# [WHAT TO WORK ON]
Below are the records; count how many of their lines carry "Hotel" and give only the number.

"""

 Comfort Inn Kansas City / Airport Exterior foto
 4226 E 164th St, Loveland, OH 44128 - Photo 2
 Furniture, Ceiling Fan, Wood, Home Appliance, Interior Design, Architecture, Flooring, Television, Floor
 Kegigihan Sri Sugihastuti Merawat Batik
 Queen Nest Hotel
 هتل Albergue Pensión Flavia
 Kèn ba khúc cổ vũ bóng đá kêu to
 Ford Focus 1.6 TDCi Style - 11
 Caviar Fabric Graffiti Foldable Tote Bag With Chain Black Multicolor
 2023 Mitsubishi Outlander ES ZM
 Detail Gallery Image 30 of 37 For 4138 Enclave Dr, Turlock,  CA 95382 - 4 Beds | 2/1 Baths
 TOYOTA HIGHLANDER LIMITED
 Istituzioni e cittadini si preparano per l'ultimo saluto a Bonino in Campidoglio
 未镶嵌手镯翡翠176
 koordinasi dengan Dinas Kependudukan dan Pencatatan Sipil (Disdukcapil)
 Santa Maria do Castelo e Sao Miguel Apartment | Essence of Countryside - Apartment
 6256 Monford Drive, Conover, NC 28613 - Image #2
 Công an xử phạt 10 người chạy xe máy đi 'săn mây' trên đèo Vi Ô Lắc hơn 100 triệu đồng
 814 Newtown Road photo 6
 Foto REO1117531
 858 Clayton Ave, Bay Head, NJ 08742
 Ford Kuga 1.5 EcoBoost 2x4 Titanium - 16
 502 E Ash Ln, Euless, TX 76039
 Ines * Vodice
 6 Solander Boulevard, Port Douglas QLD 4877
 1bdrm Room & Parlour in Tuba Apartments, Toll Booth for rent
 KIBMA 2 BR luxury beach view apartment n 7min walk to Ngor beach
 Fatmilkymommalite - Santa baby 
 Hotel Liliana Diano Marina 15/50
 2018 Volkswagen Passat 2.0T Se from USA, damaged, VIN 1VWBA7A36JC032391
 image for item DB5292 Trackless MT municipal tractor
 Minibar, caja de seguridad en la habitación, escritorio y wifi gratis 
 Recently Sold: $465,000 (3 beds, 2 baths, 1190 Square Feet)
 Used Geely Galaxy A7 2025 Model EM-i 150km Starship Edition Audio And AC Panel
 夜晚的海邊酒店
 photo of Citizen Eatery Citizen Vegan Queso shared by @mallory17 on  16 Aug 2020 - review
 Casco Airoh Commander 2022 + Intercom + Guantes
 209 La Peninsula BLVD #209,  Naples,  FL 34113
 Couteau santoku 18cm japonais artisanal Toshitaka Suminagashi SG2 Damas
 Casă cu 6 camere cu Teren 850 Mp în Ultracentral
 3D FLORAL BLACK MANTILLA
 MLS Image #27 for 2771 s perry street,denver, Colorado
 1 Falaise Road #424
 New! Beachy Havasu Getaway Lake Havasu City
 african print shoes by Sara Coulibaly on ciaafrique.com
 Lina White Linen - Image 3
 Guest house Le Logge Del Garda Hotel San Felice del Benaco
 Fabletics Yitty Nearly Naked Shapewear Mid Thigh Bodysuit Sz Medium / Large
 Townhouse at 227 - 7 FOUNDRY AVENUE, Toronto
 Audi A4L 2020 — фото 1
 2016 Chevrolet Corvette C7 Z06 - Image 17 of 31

"""

# [EXERCISE RESULT]
3